Short web captions:
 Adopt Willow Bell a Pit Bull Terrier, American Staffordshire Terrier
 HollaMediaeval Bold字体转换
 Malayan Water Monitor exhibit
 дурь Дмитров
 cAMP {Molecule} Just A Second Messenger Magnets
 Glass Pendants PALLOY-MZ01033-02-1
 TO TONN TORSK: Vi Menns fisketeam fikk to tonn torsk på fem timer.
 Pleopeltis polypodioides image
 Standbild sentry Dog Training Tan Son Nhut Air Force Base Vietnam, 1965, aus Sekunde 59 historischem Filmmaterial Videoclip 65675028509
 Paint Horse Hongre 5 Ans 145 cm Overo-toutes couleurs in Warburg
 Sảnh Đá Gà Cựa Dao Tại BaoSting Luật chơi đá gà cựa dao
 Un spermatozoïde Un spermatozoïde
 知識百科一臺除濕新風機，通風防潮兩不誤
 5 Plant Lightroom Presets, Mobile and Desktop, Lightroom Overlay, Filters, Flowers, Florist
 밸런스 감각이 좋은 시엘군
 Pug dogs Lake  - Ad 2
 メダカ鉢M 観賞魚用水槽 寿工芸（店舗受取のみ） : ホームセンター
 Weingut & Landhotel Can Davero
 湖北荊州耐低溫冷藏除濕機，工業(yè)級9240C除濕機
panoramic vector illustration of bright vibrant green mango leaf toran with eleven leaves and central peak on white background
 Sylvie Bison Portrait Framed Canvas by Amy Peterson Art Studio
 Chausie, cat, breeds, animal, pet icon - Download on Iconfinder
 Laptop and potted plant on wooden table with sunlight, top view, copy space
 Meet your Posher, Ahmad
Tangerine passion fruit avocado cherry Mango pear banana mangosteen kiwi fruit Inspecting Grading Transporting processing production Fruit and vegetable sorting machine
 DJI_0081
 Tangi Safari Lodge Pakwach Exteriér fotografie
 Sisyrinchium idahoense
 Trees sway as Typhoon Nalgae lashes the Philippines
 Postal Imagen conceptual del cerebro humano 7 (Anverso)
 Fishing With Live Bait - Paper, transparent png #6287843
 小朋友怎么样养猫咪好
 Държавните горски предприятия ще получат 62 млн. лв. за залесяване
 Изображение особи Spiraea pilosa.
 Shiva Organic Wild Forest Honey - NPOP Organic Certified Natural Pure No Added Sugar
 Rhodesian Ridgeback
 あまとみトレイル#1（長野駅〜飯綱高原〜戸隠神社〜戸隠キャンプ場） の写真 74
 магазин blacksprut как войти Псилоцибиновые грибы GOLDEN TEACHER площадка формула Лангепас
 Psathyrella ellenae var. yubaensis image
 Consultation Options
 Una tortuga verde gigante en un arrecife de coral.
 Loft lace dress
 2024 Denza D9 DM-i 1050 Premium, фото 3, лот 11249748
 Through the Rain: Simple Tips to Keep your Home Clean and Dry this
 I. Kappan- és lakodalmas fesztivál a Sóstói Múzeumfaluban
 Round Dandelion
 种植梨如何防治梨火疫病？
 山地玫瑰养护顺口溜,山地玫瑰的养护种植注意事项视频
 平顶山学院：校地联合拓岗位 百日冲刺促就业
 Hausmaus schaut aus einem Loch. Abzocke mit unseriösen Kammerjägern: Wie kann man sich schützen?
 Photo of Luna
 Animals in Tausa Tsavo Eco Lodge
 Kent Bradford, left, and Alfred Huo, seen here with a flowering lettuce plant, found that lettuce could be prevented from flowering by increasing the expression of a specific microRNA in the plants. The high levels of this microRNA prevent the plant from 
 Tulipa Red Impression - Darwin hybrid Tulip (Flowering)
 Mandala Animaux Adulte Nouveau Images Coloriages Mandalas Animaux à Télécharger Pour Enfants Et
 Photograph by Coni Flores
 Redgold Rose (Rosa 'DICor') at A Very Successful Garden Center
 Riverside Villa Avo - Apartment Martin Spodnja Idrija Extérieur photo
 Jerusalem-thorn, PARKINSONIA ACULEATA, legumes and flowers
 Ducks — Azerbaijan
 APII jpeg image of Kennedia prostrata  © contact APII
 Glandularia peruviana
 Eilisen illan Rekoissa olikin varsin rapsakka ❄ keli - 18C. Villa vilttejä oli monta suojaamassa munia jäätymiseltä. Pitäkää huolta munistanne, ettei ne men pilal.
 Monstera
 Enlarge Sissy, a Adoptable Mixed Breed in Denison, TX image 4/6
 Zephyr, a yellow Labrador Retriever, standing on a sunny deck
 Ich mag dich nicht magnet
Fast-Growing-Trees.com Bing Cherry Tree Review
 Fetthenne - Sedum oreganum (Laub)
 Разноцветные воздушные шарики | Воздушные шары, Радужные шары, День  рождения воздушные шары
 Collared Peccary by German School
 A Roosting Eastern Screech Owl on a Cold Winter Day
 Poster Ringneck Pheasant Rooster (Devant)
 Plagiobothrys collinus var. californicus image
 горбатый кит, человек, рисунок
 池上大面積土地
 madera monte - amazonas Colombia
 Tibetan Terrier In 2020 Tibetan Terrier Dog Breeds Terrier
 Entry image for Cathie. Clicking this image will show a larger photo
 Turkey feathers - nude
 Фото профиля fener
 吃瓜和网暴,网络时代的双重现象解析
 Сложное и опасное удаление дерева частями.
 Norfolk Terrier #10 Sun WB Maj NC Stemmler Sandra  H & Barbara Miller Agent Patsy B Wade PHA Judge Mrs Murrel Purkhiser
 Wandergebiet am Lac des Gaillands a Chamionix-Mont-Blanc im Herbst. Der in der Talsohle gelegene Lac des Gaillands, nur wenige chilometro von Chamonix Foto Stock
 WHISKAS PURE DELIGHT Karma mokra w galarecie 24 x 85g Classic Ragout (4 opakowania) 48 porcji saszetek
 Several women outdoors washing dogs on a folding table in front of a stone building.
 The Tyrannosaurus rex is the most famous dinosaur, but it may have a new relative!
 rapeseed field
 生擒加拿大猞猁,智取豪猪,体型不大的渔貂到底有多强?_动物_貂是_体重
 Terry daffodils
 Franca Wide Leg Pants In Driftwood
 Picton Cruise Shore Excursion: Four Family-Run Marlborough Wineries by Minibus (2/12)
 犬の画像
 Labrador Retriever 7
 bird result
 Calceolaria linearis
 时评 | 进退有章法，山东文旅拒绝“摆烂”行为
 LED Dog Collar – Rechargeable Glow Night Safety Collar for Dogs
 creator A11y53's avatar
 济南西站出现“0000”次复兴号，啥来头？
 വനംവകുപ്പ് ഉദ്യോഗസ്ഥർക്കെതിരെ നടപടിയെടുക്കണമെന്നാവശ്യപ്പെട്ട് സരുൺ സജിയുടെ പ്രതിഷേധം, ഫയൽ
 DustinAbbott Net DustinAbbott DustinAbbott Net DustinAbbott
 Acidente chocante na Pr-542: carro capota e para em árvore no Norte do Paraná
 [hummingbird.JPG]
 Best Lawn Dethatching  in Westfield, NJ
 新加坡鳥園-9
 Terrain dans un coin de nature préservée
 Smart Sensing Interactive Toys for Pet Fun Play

■ **THE PROBLEM**:
Give back every line from the beginning of the records through the line holding "panoramic vector illustration", exactly as it reads, and leave out the rest.

■ **SOLVED PROBLEM**:
 Adopt Willow Bell a Pit Bull Terrier, American Staffordshire Terrier
 HollaMediaeval Bold字体转换
 Malayan Water Monitor exhibit
 дурь Дмитров
 cAMP {Molecule} Just A Second Messenger Magnets
 Glass Pendants PALLOY-MZ01033-02-1
 TO TONN TORSK: Vi Menns fisketeam fikk to tonn torsk på fem timer.
 Pleopeltis polypodioides image
 Standbild sentry Dog Training Tan Son Nhut Air Force Base Vietnam, 1965, aus Sekunde 59 historischem Filmmaterial Videoclip 65675028509
 Paint Horse Hongre 5 Ans 145 cm Overo-toutes couleurs in Warburg
 Sảnh Đá Gà Cựa Dao Tại BaoSting Luật chơi đá gà cựa dao
 Un spermatozoïde Un spermatozoïde
 知識百科一臺除濕新風機，通風防潮兩不誤
 5 Plant Lightroom Presets, Mobile and Desktop, Lightroom Overlay, Filters, Flowers, Florist
 밸런스 감각이 좋은 시엘군
 Pug dogs Lake  - Ad 2
 メダカ鉢M 観賞魚用水槽 寿工芸（店舗受取のみ） : ホームセンター
 Weingut & Landhotel Can Davero
 湖北荊州耐低溫冷藏除濕機，工業(yè)級9240C除濕機
panoramic vector illustration of bright vibrant green mango leaf toran with eleven leaves and central peak on white background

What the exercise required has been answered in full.